**Your instructions**
Exactly the lines below from the one with "Memorie USB 2.0, capacitate" up to and including the one with "A Closer Look" make up the answer, with nothing else added.

**Data listing**
((

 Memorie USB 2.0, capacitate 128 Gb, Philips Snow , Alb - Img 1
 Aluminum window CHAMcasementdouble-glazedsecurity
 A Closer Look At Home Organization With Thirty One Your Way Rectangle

))
((

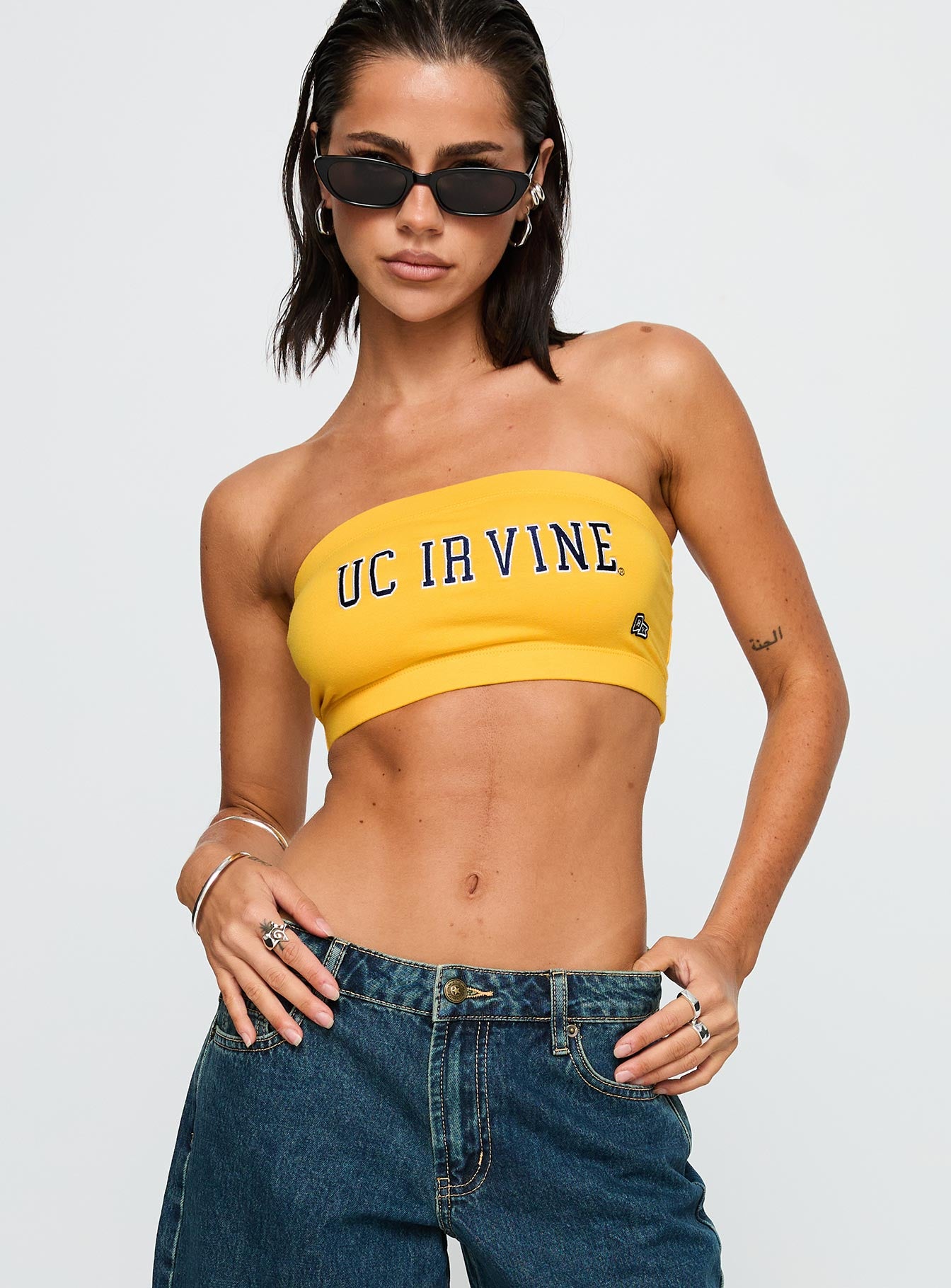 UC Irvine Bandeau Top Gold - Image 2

))

**Output of the task**
 Memorie USB 2.0, capacitate 128 Gb, Philips Snow , Alb - Img 1
 Aluminum window CHAMcasementdouble-glazedsecurity
 A Closer Look At Home Organization With Thirty One Your Way Rectangle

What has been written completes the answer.